Historical - Logan County was a coal mining county, which was prone to boom and bust cycles of the coal industry. Through the 1950s and 1960s, the county had a decreasing population as well as high unemployment rates due to the increase of mechanized coal production. On February 26, 1972, after three days and 3.7 inches of rain, a not uncommon amount of rain in February, dam number three failed, giving way in approximately 132 million gallons of water. The dam failure left 125 people dead and 1,121 injured, as well as leaving 4,000 people homeless. At the time of the dam collapse, about 30% of the population of Logan County lived under the poverty line, more than twice the state average. The level of water that was released because of the dam failure was 40 times greater than 50-year flood levels. Sixteen towns that were affected were Saunders, Pardee, Lofado, Craneco, Lundale, Stowe, Crites, Latrobe, Robinette, Amherstdale, Becco, Fanco, Braeholm, Accoville, Crown, and Kistler. There was never an official warning to the towns located in Buffalo Creek that the dam could fail although there were rumors that the dam was in danger of overflowing and some people did evacuate to higher ground. In response to the disaster, the Governor tried to justify his proposed super highway as a way to rejuvenate Logan County.
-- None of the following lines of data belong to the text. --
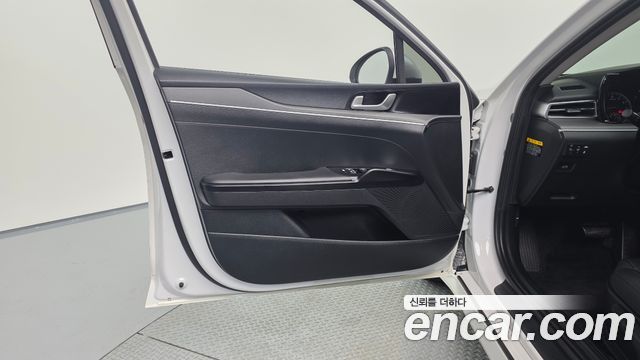 Kia K5 2020 — photo 14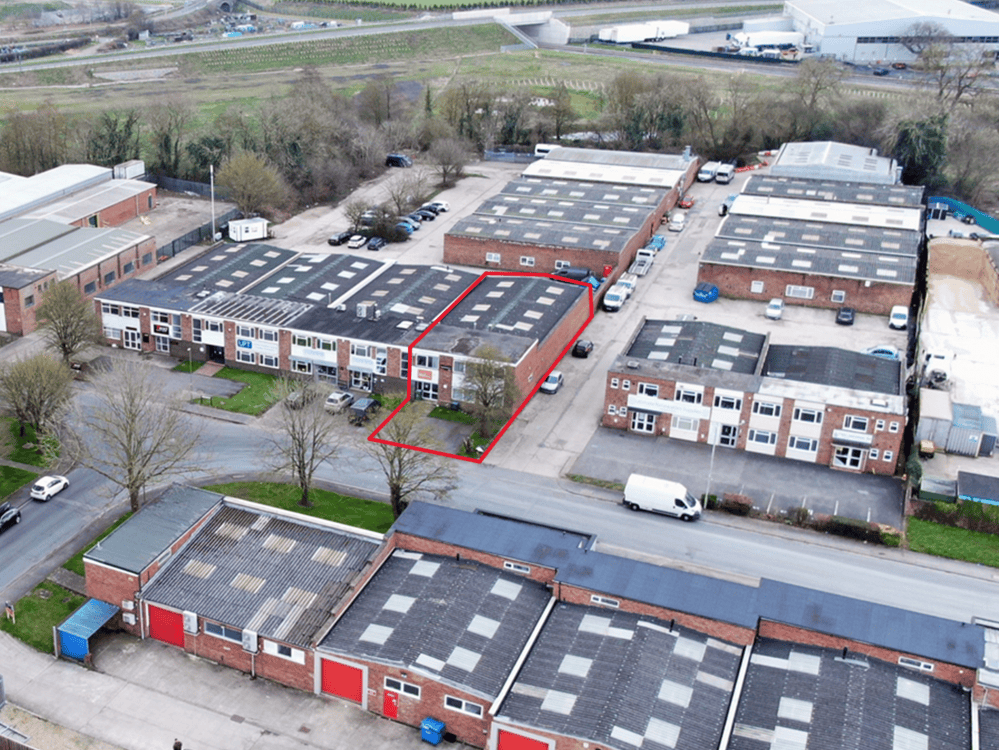 E1 Telford Road, Bicester, Industrial To Let - AerialRed lined.png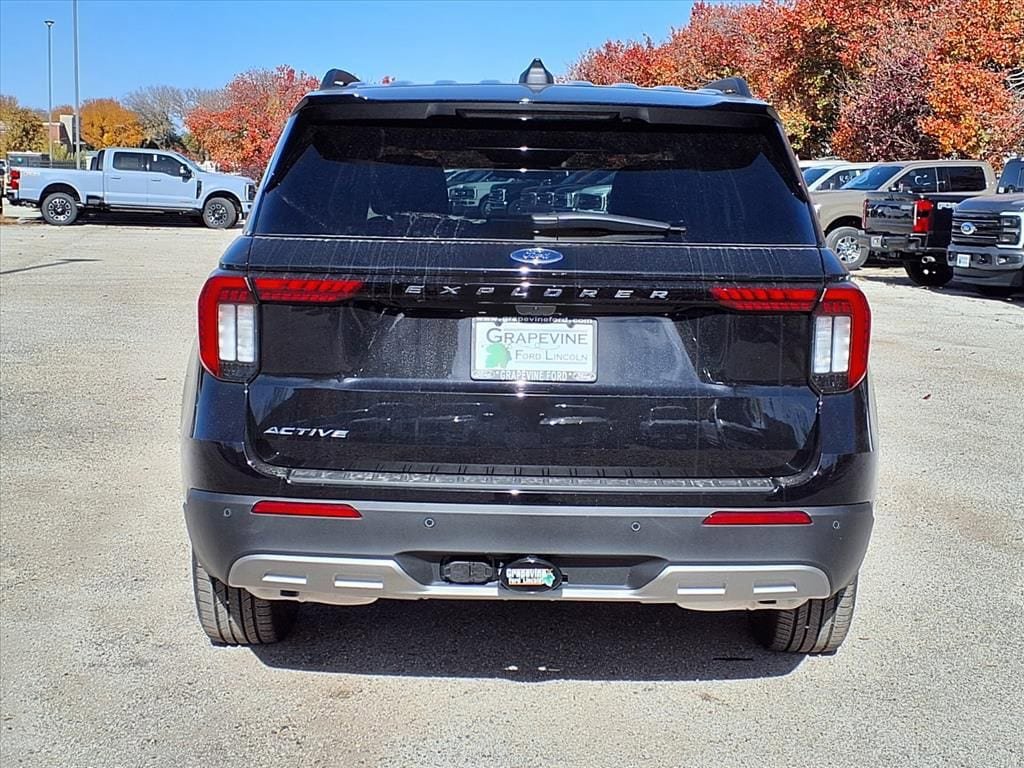 New 2026 Ford Explorer Active w/ Active Comfort Package RWD image 12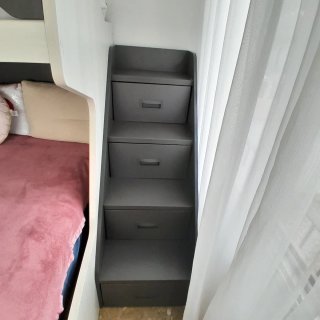 Cama litera con almacenaje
Plaintiffs - The Citizens Commission charged that Pittston Coal Company's operational procedure was "reckless," and 625 individuals sued the company for punitive damages and won a settlement of $13.5 million from the lawsuit in June of 1972. In June 1974, a second class-action lawsuit, which represented 348 children, was settled for $4.8 million. In these suits, lawyers emphasized psychological trauma to the victims and improper construction of the coal waste dam as well as the unnecessary loss of life. The Citizens Commission heavily criticized Pittston Coal Company for a lack of concern for the citizens of Buffalo Creek and noted that if the company had shown compassion before and after the disaster, the company could have avoided litigation.
Pittston Coal Company - Immediately following the dam failure, Pittston Coal Company attributed the disaster to heavy flooding caused by rain and runoff from snow. The company claimed the dam failed because of abnormal amounts of flooding and saw it as a natural disaster, an "act of God," making it not liable. The mine operator had monitored the water level behind the dam through the night and at 7 a.m. had determined that the dam was not in danger of collapsing. He did take a precautionary measure of ordering a bulldozer driver to cut an overfill path for the dam in order to relieve some pressure. However, by the time the bulldozer arrived, the floodwaters had broken through the dam. Pittston maintained that it practiced methods of operation similar to those of other mine companies in West Virginia.